■ **YOUR INSTRUCTIONS**
Pictures must not appear in the copy. Restate exactly the lines below from the one with "Orrin Suede Jacket" through the one with "bowling pins icon.", inclusive.

■ **DATASET EXTRACT**
------------

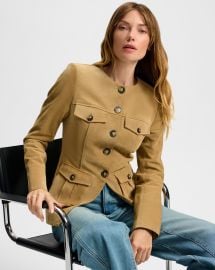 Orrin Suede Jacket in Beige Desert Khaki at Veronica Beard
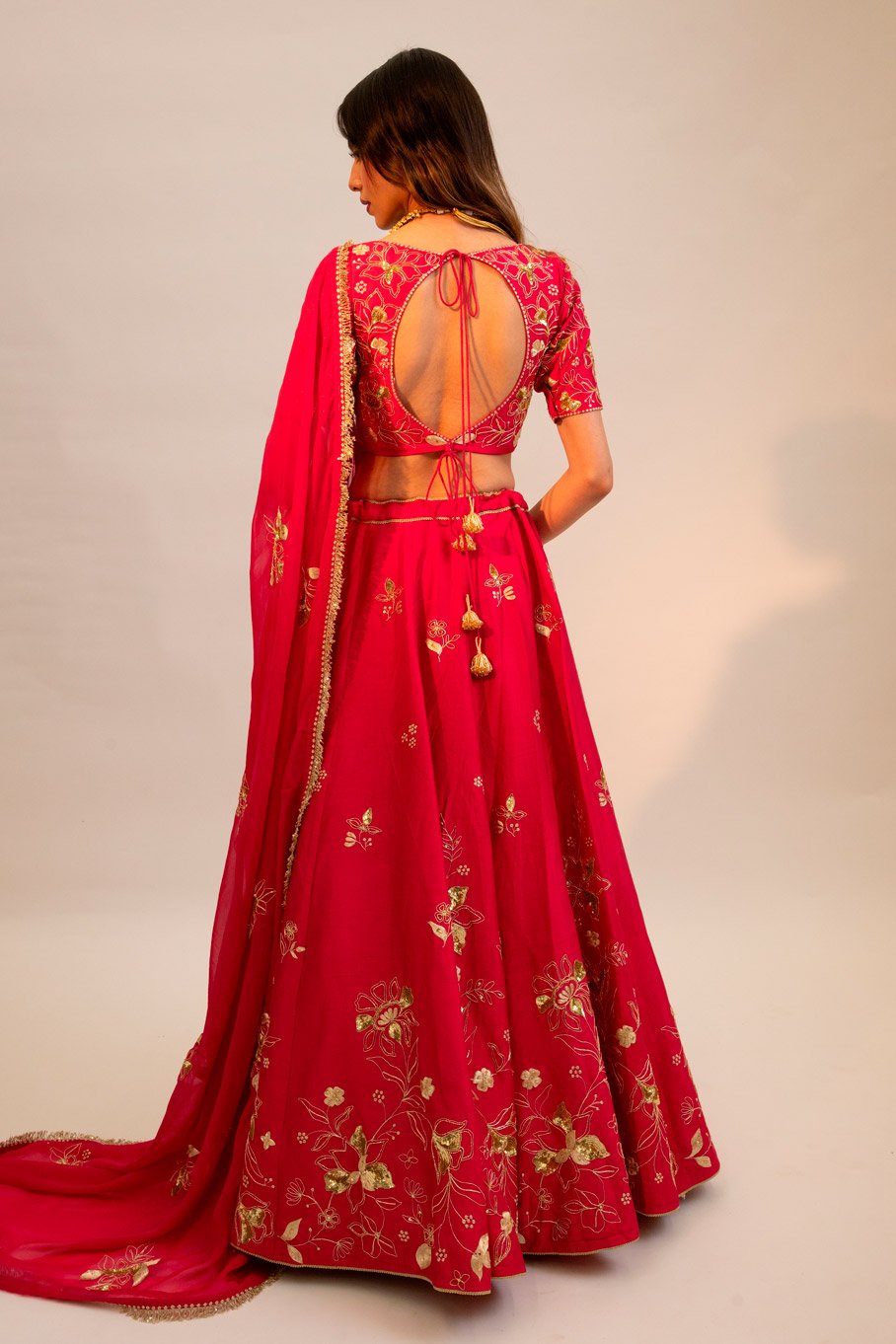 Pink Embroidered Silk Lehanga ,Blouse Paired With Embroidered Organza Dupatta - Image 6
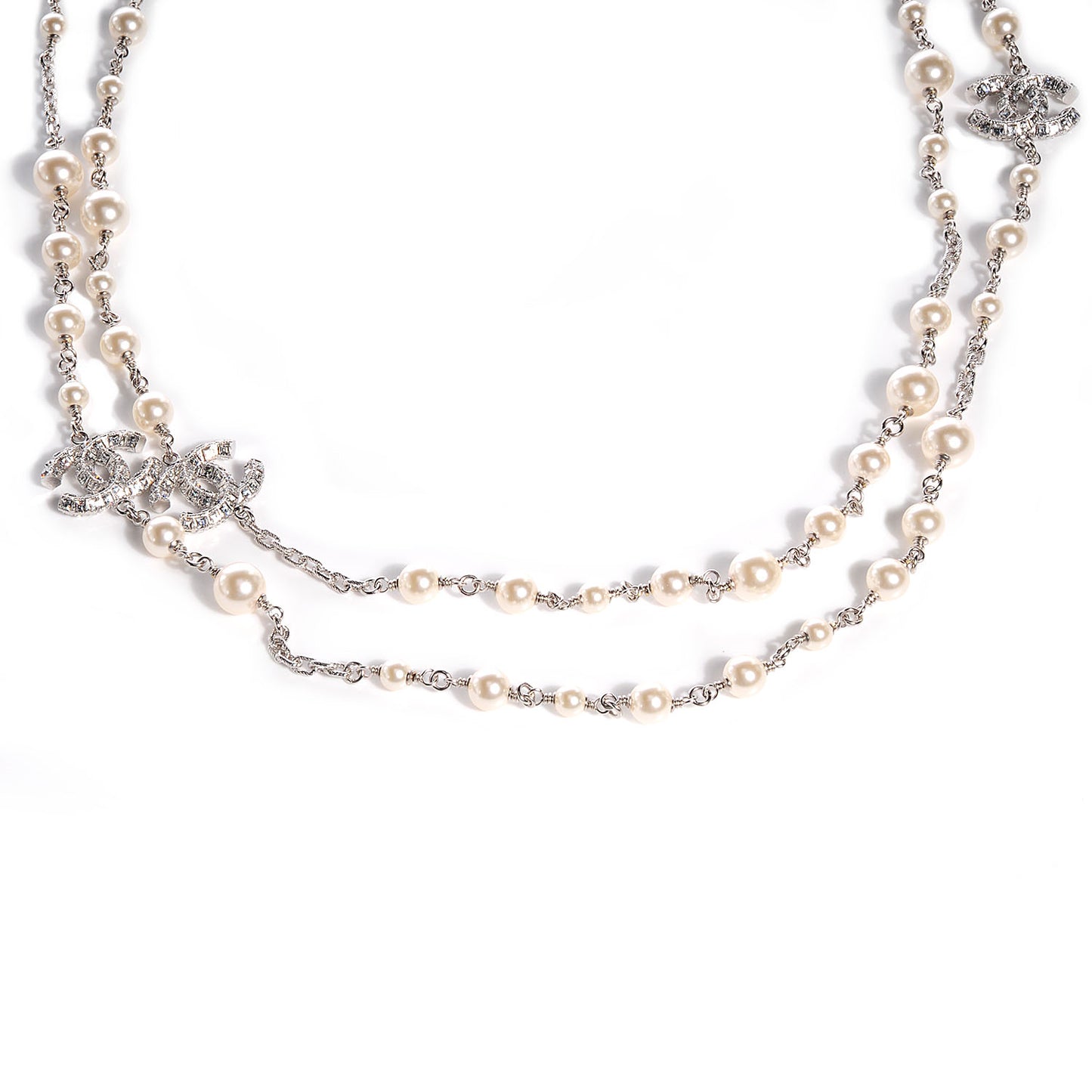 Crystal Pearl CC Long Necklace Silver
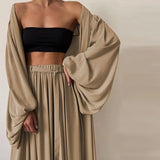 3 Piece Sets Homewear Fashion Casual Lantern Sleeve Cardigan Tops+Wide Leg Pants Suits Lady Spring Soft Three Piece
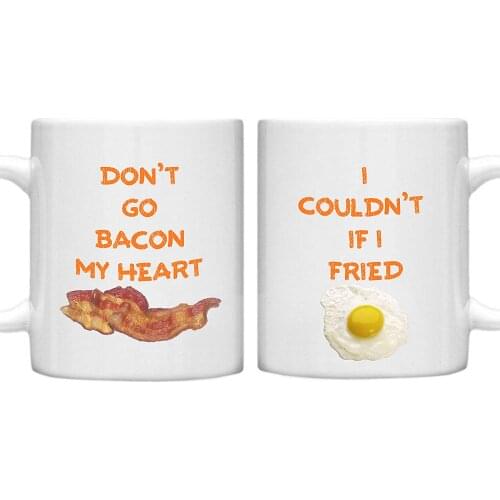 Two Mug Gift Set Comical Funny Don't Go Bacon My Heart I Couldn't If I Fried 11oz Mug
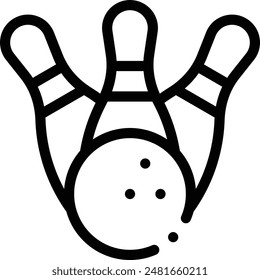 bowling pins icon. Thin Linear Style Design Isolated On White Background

------------

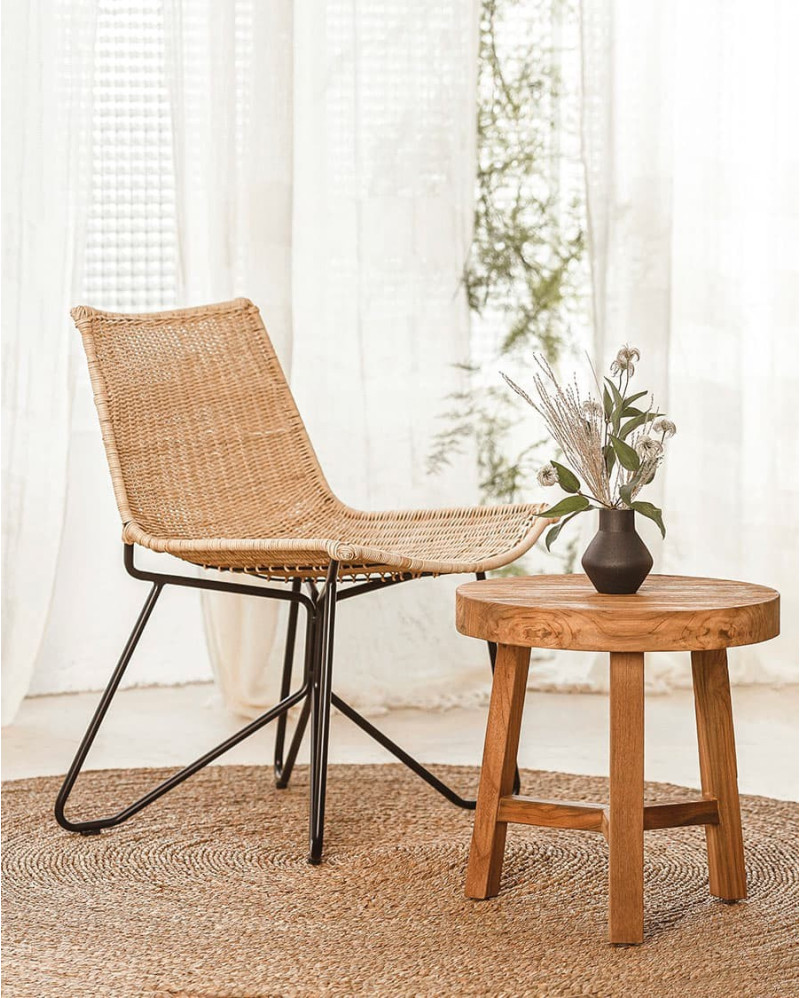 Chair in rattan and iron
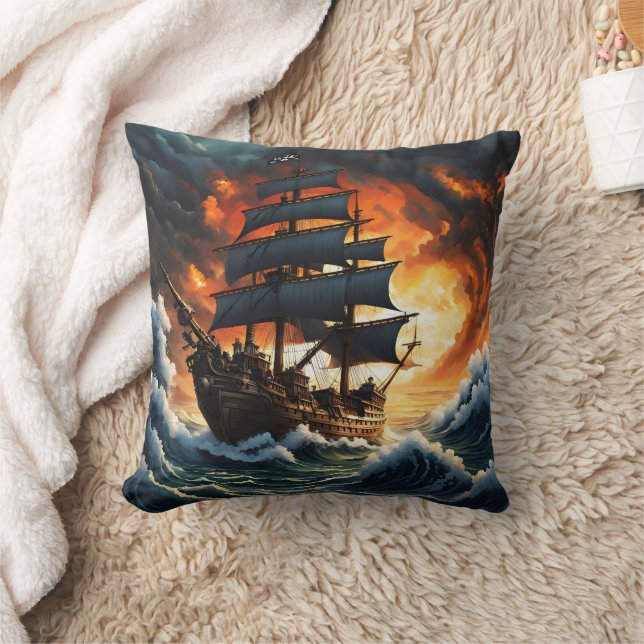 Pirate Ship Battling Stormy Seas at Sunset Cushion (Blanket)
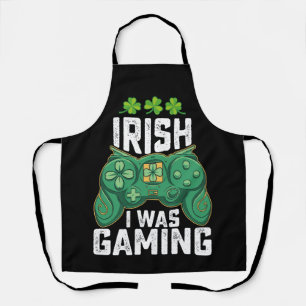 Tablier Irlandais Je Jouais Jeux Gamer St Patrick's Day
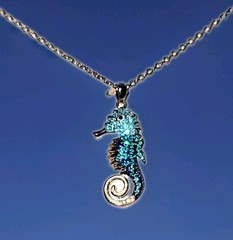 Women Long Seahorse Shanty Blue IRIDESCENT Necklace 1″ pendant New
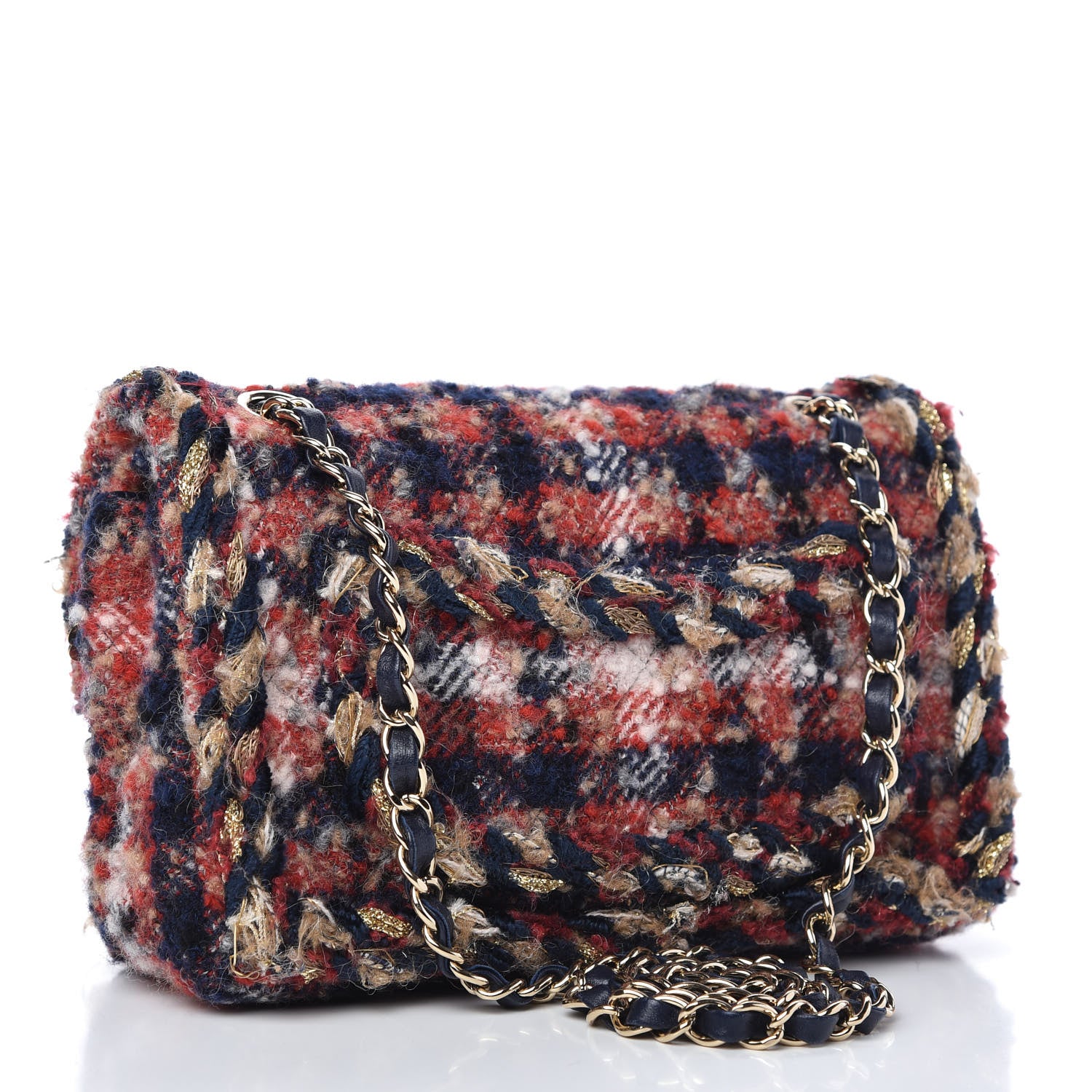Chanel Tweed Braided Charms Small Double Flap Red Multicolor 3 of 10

------------

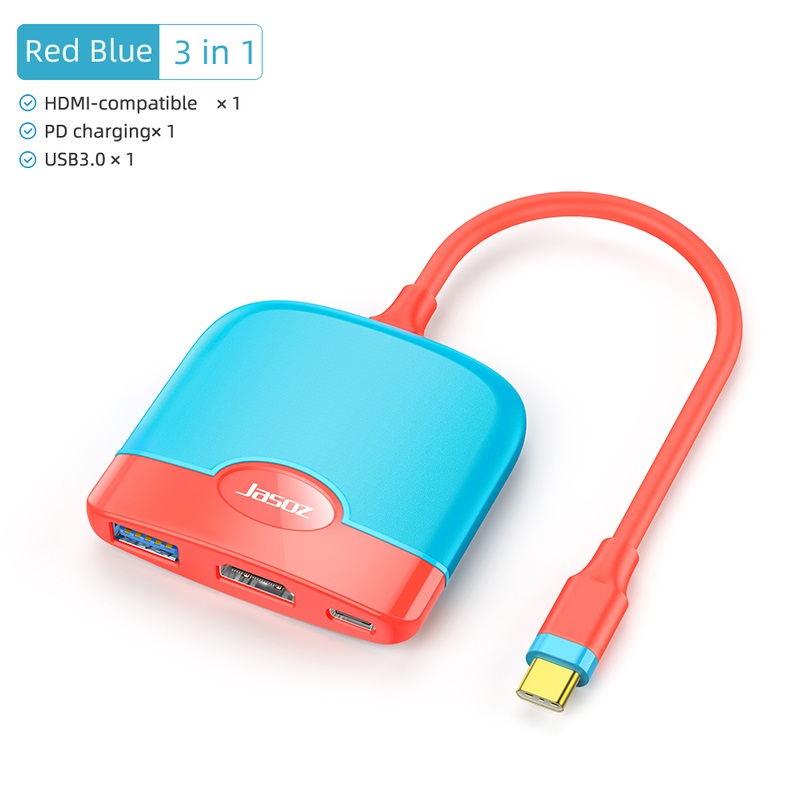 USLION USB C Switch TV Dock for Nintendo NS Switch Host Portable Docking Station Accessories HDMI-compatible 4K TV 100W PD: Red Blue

------------

■ **SOLVED EXERCISE**
 Orrin Suede Jacket in Beige Desert Khaki at Veronica Beard
 Pink Embroidered Silk Lehanga ,Blouse Paired With Embroidered Organza Dupatta - Image 6
 Crystal Pearl CC Long Necklace Silver
 3 Piece Sets Homewear Fashion Casual Lantern Sleeve Cardigan Tops+Wide Leg Pants Suits Lady Spring Soft Three Piece
 Two Mug Gift Set Comical Funny Don't Go Bacon My Heart I Couldn't If I Fried 11oz Mug
 bowling pins icon. Thin Linear Style Design Isolated On White Background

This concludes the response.